E a neve continuou caindo à beira do Sena e dentro dos dois.
MANGABEIRA
Exilado em 30, o ex-ministro do Exterior Octavio Mangabeira estava na Bélgica, e lá encontrou ex-Chanceler da China, também exilado e vivendo como monge em um mosteiro.
Velhos conhecidos de conferencias internacionais, a conversa espichou. Mangabeira não se conformava com o exílio e estava surpreso com a tranquilidade do chinês:
-O que se deve fazer quando a política vira e a gente perde o poder e o direito de viver na própria terra?
-Rezar.
Quinze anos depois, Mangabeira voltava ao poder. O chinês, nunca mais. Continuou rezando.
GILBERTO AMADO
Gilberto Amado, o escritor magnífico, antes de ir para a ONU era embaixador do Brasil no Chile em 37. Em um jantar, uma mulher chamou o Brasil de “paíszinho”, ele lhe deu um tabefe, teve que voltar logo, escoltado. Perguntaram-lhe por que:
-O país é muito bom. Mas não tem calado para Gilberto Amado.

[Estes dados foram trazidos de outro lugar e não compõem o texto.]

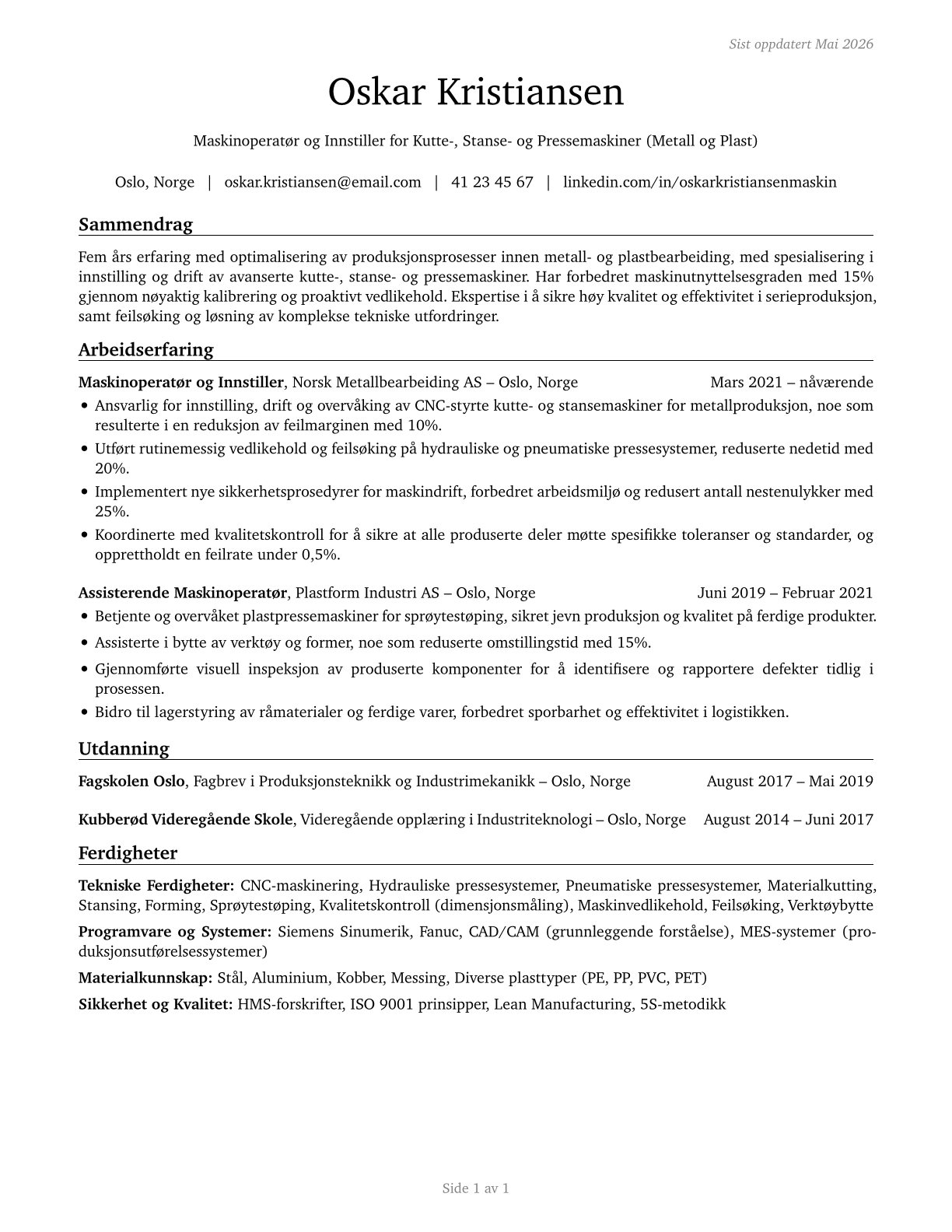 Cutting, Punching, and Press Machine Setters, Operators, and Tenders, Metal and Plastic CV in Norwegian_bokmal — page 1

De punição, Macedo Soares, ministro do Exterior, deixou-o muito tempo sem posto. Ele não se conformava:
-Qualquer dia desses, entro no Itamaraty com uma metralhadora debaixo do braço, vou ao gabinete do ministro e tatatatatá tatatatatá, Macedo para um lado, Soares para o outro.
PRESTES
Siqueira Campos, chefe da conspiração em São Paulo, em 30, chamou Oscar Pedroso Horta, redator do “Estado de S. Paulo”:
-Preciso renovar meus códigos de comunicação com Prestes, que está em Buenos Aires, levar uns mapas para ele organizar os planos do levante e trazer de lá um aparelho de radio mais possante. Mas não esqueça: são mapas de guerra, privativos das Forças Armadas. Você vai cometer um crime de traição à Pátria. Topa?
Pedroso Horta topou. Pegou um avião da Nirba numa praia de Santos, dormiu em Porto Alegre, desceu em Montevidéu e voou para Buenos Aires, com aquele rolo enorme de mapas debaixo do braço. Foi para o hotel, de manhã procuraria Prestes no endereço marcado.
De repente, batem na porta do quarto. Era um homenzinho muito magro, com botinas de elástico:
-Sou o comandante Luis Carlos Prestes. O senhor não é Oscar Pedroso Horta? Trouxe uma encomenda de São Paulo para mim?
-Não o conheço. Vim a negócios, não trouxe nada para ninguém.
O homenzinho foi embora. Pedroso Horta trocou logo de hotel, pegou um táxi e foi ao endereço de Prestes. Bateu na porta. Alguém abriu. Era exatamente o homenzinho muito magro, Prestes.